Reproduce only what runs from the line containing "Intellinet 8-Port Gigabit Ethernet Switch 530347 Intellinet" to the line containing "871 5447 TABLE LAMPS" in the records below, inclusive. Keep it exact, and keep the pictures out.

● **Records for this exercise**
*** Begin section ***

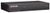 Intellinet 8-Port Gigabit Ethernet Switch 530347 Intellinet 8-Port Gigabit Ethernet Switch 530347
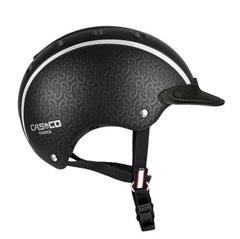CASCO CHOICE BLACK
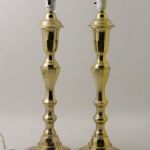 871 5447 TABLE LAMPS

*** End section ***
*** Begin section ***

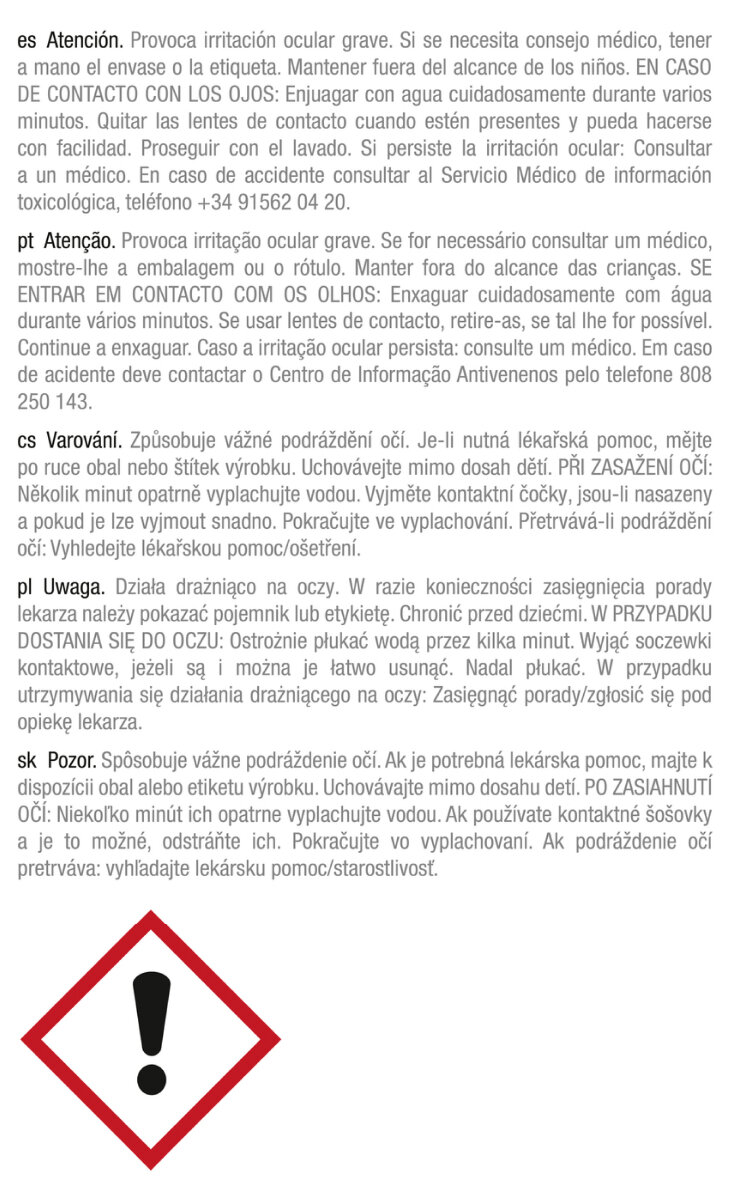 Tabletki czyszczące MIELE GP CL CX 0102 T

*** End section ***

● **Solution for this exercise**
 Intellinet 8-Port Gigabit Ethernet Switch 530347 Intellinet 8-Port Gigabit Ethernet Switch 530347
CASCO CHOICE BLACK
 871 5447 TABLE LAMPS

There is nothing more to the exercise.